Reproduce all the data exactly, without pictures.

= Data section =
BEGIN

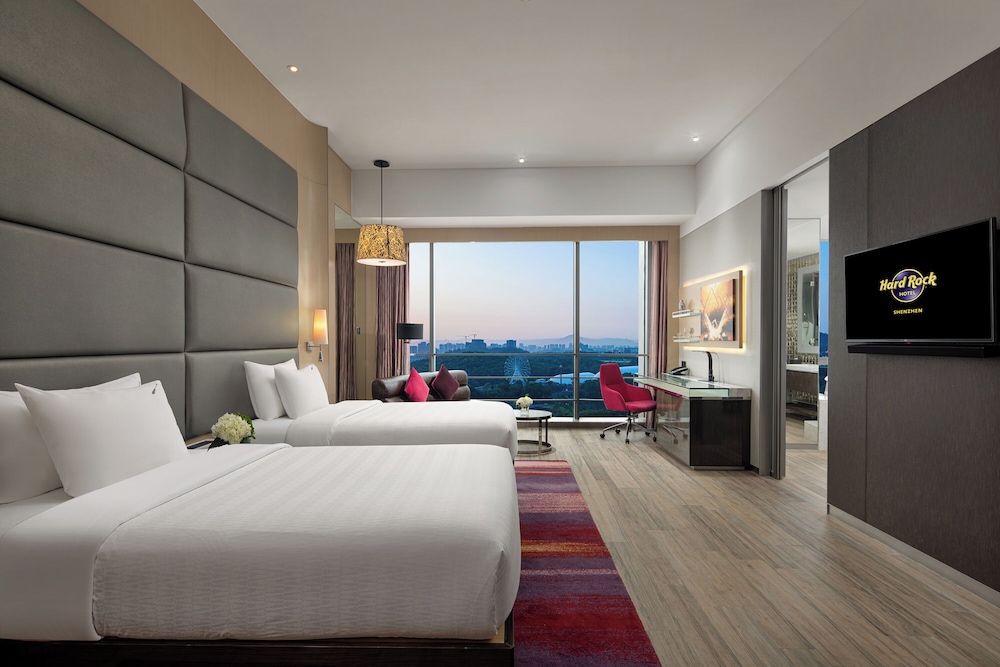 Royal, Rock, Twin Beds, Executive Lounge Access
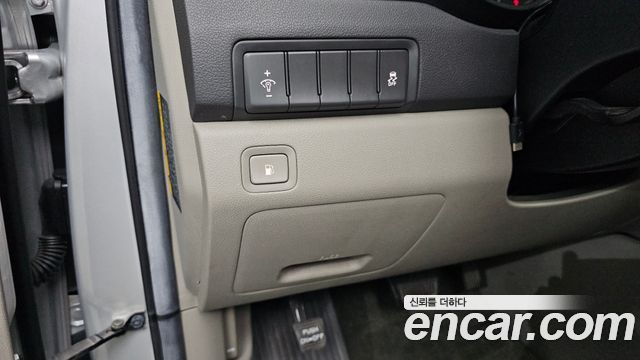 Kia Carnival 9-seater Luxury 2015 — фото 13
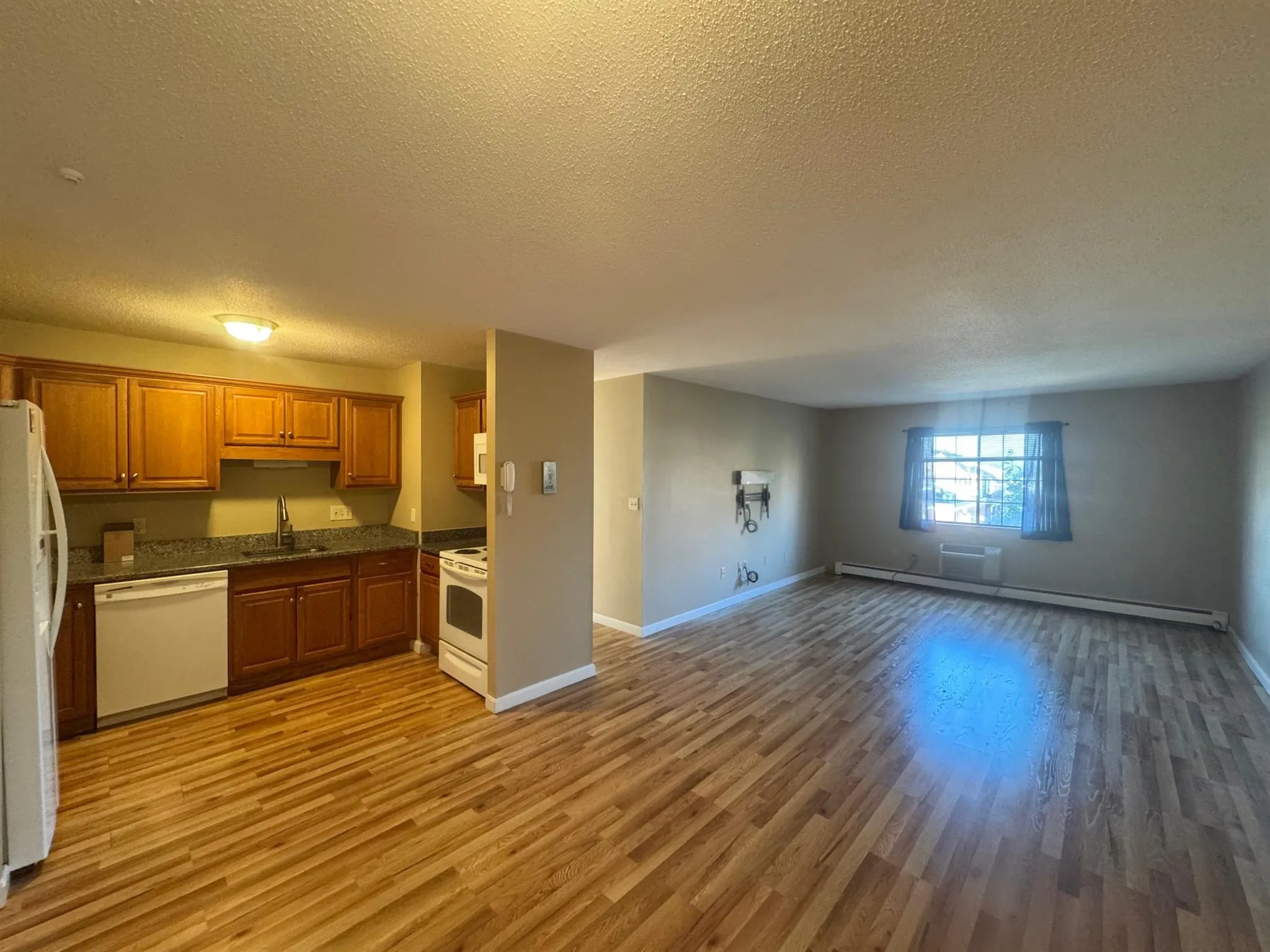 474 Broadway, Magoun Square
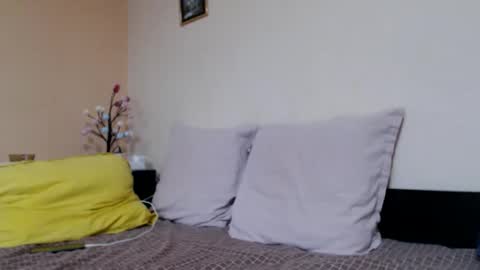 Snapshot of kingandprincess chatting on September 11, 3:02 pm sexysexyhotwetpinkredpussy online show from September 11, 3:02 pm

END

= Your response =
 Royal, Rock, Twin Beds, Executive Lounge Access
 Kia Carnival 9-seater Luxury 2015 — фото 13
 474 Broadway, Magoun Square
 Snapshot of kingandprincess chatting on September 11, 3:02 pm sexysexyhotwetpinkredpussy online show from September 11, 3:02 pm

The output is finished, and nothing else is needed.